Dari waktu ke waktu mereka berdua bahu
membahu membesarkan hati kesebelas anak-anak tadi agar percaya diri, berani
berkompetisi, agar menghargai dan menempatkan pendidikan sebagai hal yang
sangat penting dalam hidup ini. Mereka mengajari kesebelas muridnya agar tegar,
tekun, tak mudah menyerah, dan gagah berani menghadapi kesulitan sebesar apapun.
Kedua guru itu juga merupakan guru yang ulung sehingga menghasilkan seorang
murid yang sangat pintar dan mereka mampu mengasah bakat beberapa murid
lainnya. Pak Harfan dan Bu Mus juga mengajarkan cinta sesama dan mereka amat
menyayangi kesebelas muridnya. Kedua guru miskin itu memberi julukan kesebelas
murid itu sebagai para Laskar Pelangi.
Keajaiban terjadi ketika sekolah
Muhamaddiyah, dipimpin oleh salah satu laskar pelangi mampu menjuarai karnaval
mengalahkan sekolah PN dan keajaiban mencapai puncaknya ketika tiga orang anak
anggota laskar pelangi (Ikal, Lintang, dan Sahara) berhasil menjuarai lomba
cerdas tangkas mengalahkan sekolah-sekolah PN dan sekolah-sekolah negeri. Suatu
prestasi yang puluhan tahun selalu digondol sekolah-sekolah PN.
Tak ayal, kejadian yang paling
menyedihkan melanda sekolah Muhamaddiyah ketika Lintang, siswa paling
jenius anggota laskar pelangi itu harus berhenti sekolah padahal cuma
tinggal satu triwulan menyelesaikan SMP. Ia harus berhenti karena ia anak
laki-laki tertua yang harus menghidupi keluarga, sebab ketika itu ayahnya
meninggal dunia.
Belitong kembali dilanda ironi yang besar
karena seorang anak jenius harus keluar sekolah karena alasan biaya dan nafkah
keluarga justru disekelilingnya PN Timah menjadi semakin kaya raya dengan
mengekploitasi tanah leluhurnya.
Meskipun awal tahun 90-an sekolah
Muhamaddiyah itu akhirnya ditutup karena sama sekali sudah tidak bisa membiayai
diri sendiri, tapi semangat, integritas, keluruhan budi, dan ketekunan yang
diajarkan Pak Harfan dan Bu Muslimah tetap hidup dalam hati para laskar
pelangi.

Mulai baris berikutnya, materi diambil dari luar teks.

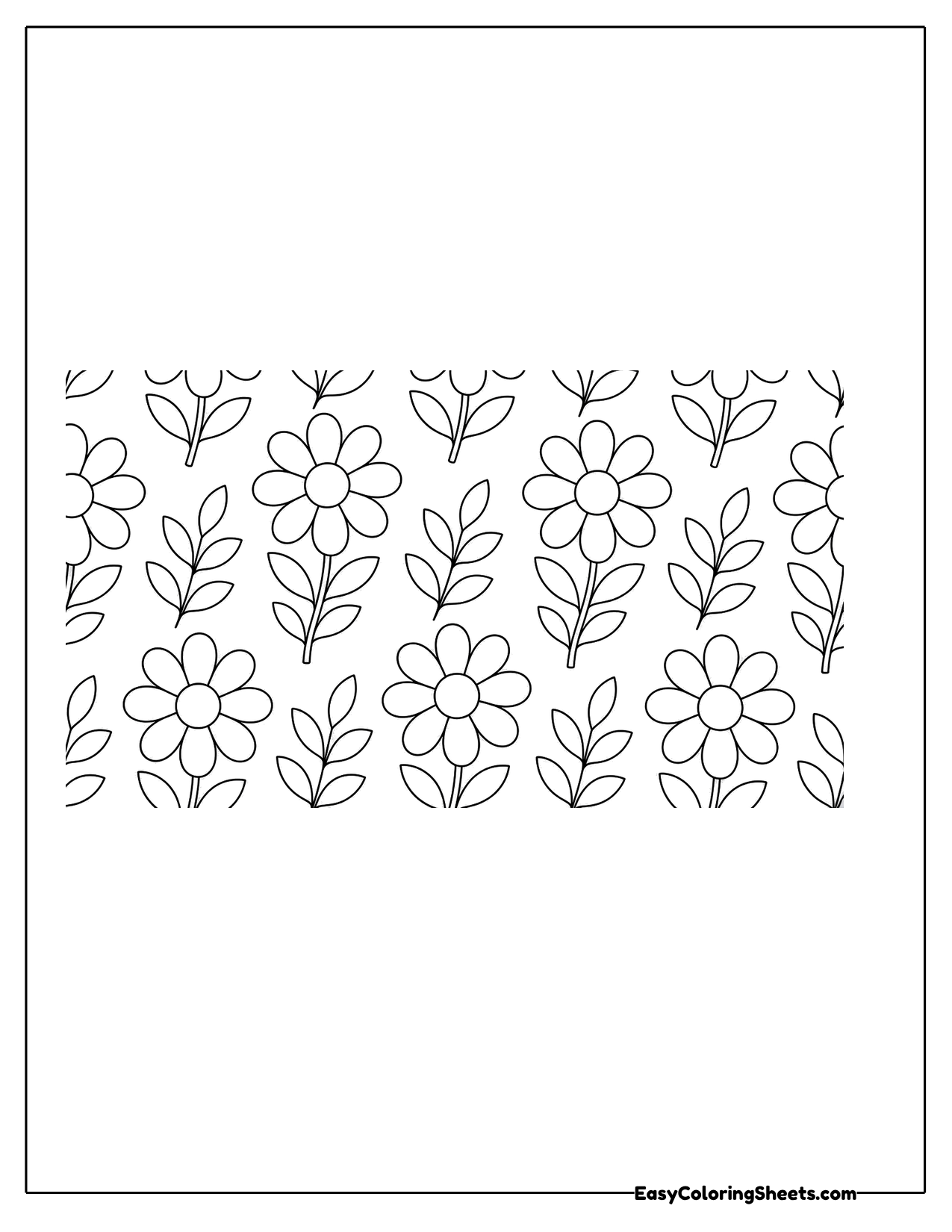 Floral pattern of flowers and leaves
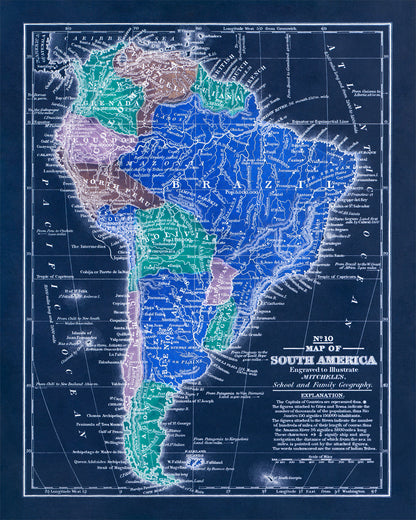 Old Map of South America Print 1839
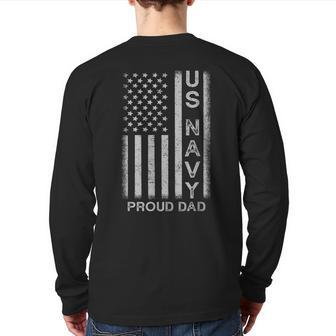 Us Navy Proud Dad For Military Dad Veteran Day Back Print Long Sleeve T-shirt | Mazezy CA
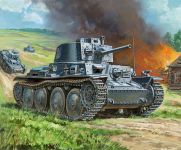 Wargames (WWII) tank 6130 - German Light Tank PZ.KPFW.38 (T) (1:100) Zvezda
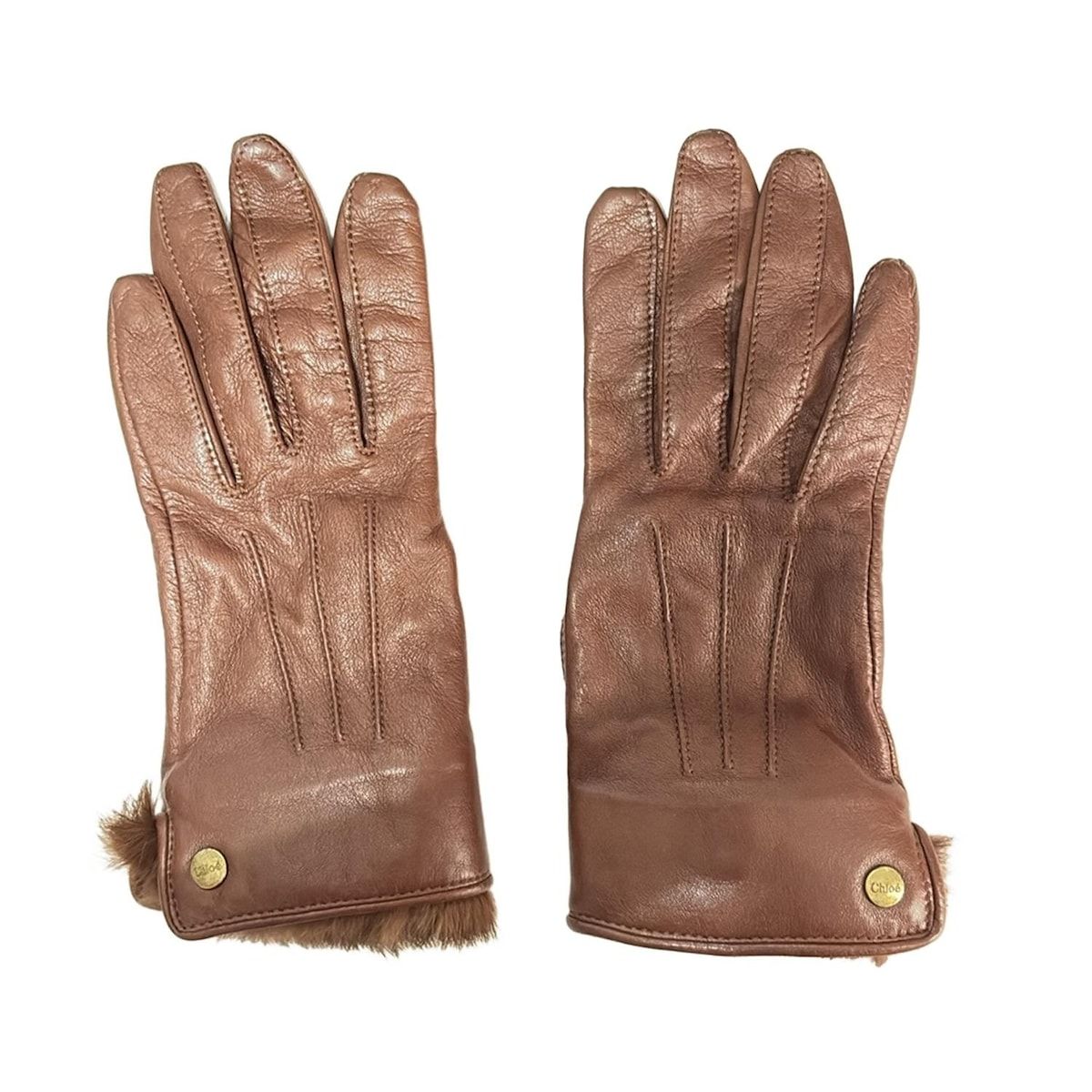 Chloe(クロエ) 手袋 レディース - ダークブラウン レザー、ファー 中古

Akhirnya kedua guru itu bisa berbangga karena diantara sebelas orang
anggota laskar pelangi sekarang ada yang menjadi wakil rakyat, ada yang menjadi
research and development manager di salah satu perusahaan multi nasional paling
penting di negeri ini, ada yang mendapatkan bea siswa international kemudian
melakukan research di University de Paris, Sorbonne dan lulus S2 dengan
predikat with distinction dari sebuah universitas terkemuka di Inggris.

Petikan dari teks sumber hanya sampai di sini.